Legal Encounter 1:
Newcorp hired Pat Grey as manager of real property for Newcorp in Vermont, responsible for activities related to maintaining leased office space. In that role, Pat supervised 51 employees and lower-level supervisors, and dealt with tenants who leased commercial space. For the job, Pat relocated from another city 300 miles away, moving his spouse and children, selling and buying a home, and dealing with a spouse having to quit her job to seek employment in the new state.
After Pat had been on the job for three months, his boss explained that things did not seem to be working out, and said that Pat would be discharged with 30 days severance pay. Pat was surprised because his employer gave no indication of any problem on the job. Newcorp’s Personnel Manual, which had been provided to Pat upon his acceptance of employment, outlined the process for dealing with unsatisfactory employees:
Notice of Unsatisfactory Performance/Corrective Action Plan
If the job performance of an employee is unsatisfactory, the employee will be notified of the deficiency and placed on a Corrective Action Plan (CAP). If the employee performance does not improve to a satisfactory level within the specified period of time, termination will follow.
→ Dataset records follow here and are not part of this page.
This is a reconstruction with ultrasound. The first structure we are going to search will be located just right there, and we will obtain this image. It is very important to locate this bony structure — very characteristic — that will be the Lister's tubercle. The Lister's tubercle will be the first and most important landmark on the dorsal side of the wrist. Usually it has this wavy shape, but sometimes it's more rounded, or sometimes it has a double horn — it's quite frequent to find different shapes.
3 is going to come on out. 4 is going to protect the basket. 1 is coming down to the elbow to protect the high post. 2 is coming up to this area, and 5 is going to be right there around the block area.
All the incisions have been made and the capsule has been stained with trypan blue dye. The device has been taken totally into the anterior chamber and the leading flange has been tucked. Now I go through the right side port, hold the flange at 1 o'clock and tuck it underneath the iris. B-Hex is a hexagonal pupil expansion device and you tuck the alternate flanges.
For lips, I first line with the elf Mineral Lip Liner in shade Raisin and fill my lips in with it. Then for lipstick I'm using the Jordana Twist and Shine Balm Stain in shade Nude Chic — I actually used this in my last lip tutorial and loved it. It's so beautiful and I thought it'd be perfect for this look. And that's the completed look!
Pat acknowledged that upon employment, he signed an understanding that the company observed employment at will with respect to employment and discharge, but believed that the above provision limited Newcorp’s freedom to fire him at will. Finally, Pat observes that Newcorp senior management was “noticeably unfriendly” after Pat had been vocal at a local school board meeting. In the meeting, Pat insisted that school sports funds should be equally allocated among all student athletic programs, not just concentrated on the boy’s football and basketball programs. His position on the matter was unpopular, and although no one at the school board meeting identified Pat as a Newcorp employee, he believed that this contributed to the Newcorp decision to discharge him.
Legal Encounter 2:
Newcorp employed Sam as a supervisor of electrical manufacturing for auto under-dash wiring harnesses. Sam’s department employed about 100 men and women to create the wiring, coat it with various insulators, and then connect it to different types of universal couplings so car speedometers, oil gauges, and other instruments would work. The final product, an under-dash wiring harness, was sent to the final assembly plant for installation in cars.
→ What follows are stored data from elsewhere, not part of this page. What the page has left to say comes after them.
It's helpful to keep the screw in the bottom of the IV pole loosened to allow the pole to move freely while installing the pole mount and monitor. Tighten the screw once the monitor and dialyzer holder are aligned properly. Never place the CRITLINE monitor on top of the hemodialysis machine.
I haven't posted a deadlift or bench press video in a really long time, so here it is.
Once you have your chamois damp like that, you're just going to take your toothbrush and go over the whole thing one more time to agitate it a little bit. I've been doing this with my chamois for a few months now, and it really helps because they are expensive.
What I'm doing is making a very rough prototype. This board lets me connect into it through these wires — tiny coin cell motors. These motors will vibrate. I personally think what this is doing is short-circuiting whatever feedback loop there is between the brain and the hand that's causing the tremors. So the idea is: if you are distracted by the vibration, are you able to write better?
Sam developed a relationship with one of his female employees, Paula. They began dating and it turned into a torrid affair that included frequent trysts at the workplace. Paula later met and began dating a man who did not work for Newcorp, and thereafter ended the affair with Sam. Sam did not give up easily and continued touching Paula and exhibiting a variety of other unwelcome behaviors, even after Paula clearly told him to stop. Sam suggested that Paula’s work might be suffering from a “lack of interest” on her part, and since she stopped dating him, she seemed to lack interest in work quality.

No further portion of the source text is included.